The Memo: Warning signs flash for Trump on debates

The upcoming debates offer President Trump his best chance to shift momentum in an election campaign he appears to be losing — but some signs don’t augur well.

Past incumbent presidents have struggled, especially in their first debate, yet Team Trump has insisted the president does not need specific preparations for his clashes with Democratic opponent Joe Biden.

“He is preparing for debates by running the country as president,” campaign spokesman Tim Murtaugh said on a recent call with reporters. “I don’t know that any actual debate prep has occurred to this point, and I don’t know of what plans are to begin that.”

That kind of attitude has spelled trouble for previous commanders in chief.

Then-President Obama unnerved his supporters with a noticeably weak showing against GOP challenger Mitt Romney in their first 2012 debate, while former Presidents George W. Bush and Reagan also struggled in their first encounters against John Kerry and Walter Mondale, respectively.

The most common explanation is that sitting presidents, grown accustomed to agreement from those around them, can find themselves out of practice at rebutting direct attacks.

Looking back at the first 2012 debate, Obama strategist David Axelrod told CNN: “We kind of counseled [Obama] not to engage too much. He took that to the extreme. … Honestly, we didn’t do a good job of preparing the president for that.”

There are other signs that spell potential trouble for Trump.

His performance in an ABC News special, moderated by George Stephanopoulos, on Tuesday evening was halting. The appearance came in the wake of two other recent interviews where Trump performed poorly, with Jonathan Swan of Axios and Chris Wallace of Fox News.
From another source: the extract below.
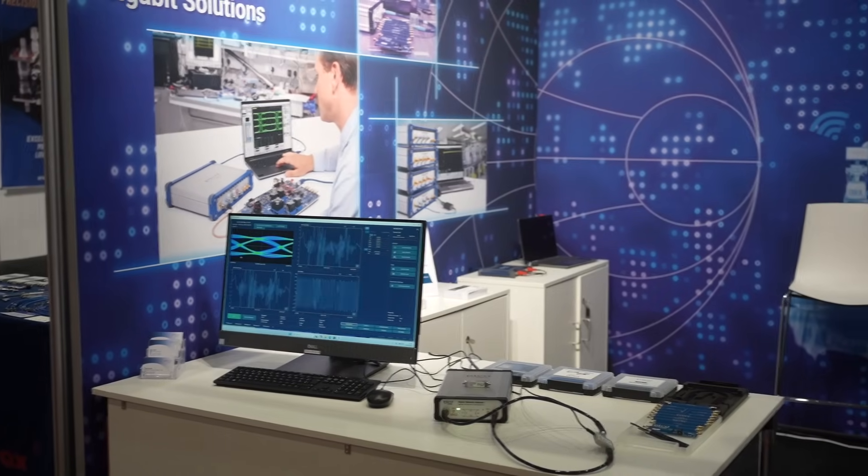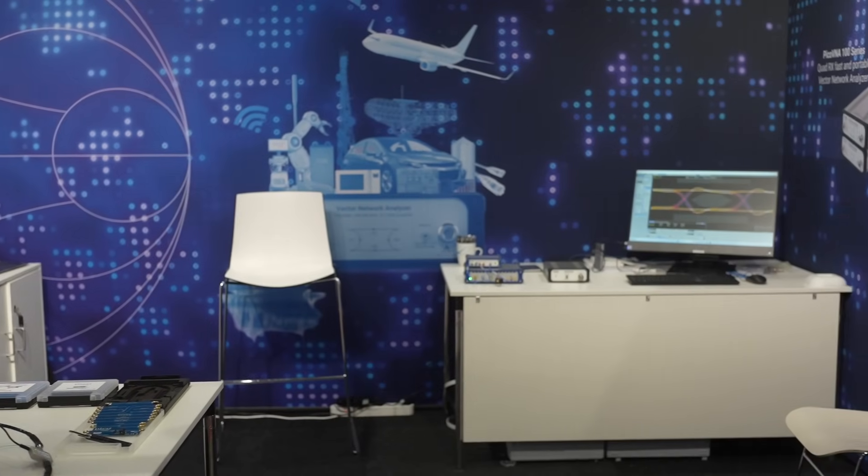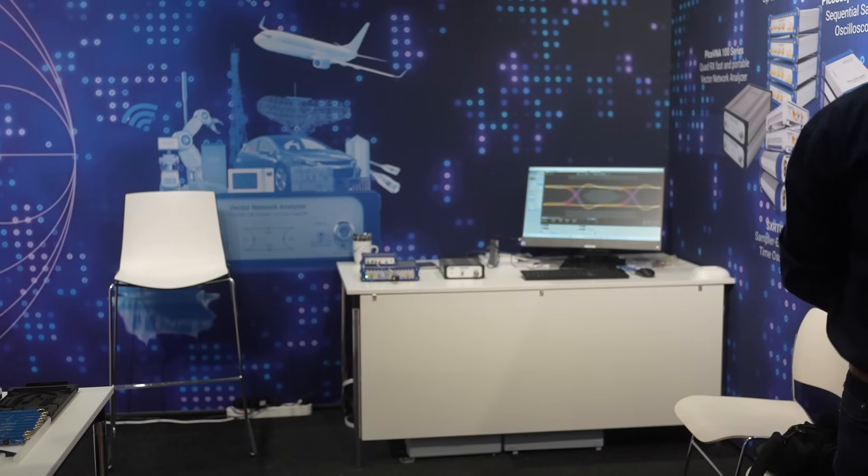Just to be clear, both the Vector Network Analyzer and the 9400 series are available through channel partners too. Absolutely - across Europe, the Middle East, and North America, the Pico VNA as well as the SXRTO are available through our distribution network globally. Stuart Merlis, thank you very much indeed. Thank you for your time.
Wallace will be the moderator of the first presidential debate, set for Cleveland on Sept. 29. The first debate tends to attract the biggest audience of the three presidential clashes.

Aaron Kall, director of debate at the University of Michigan and the editor and co-author of a book on Trump’s debate performances, said there were particular challenges for sitting presidents.

“Incumbent presidents are surrounded by sycophantic aides who don’t challenge them, and we have certainly seen that in the Trump presidency,” he said. “No one in the administration can say, ‘You didn’t do very well in the ABC town hall last night.’ ”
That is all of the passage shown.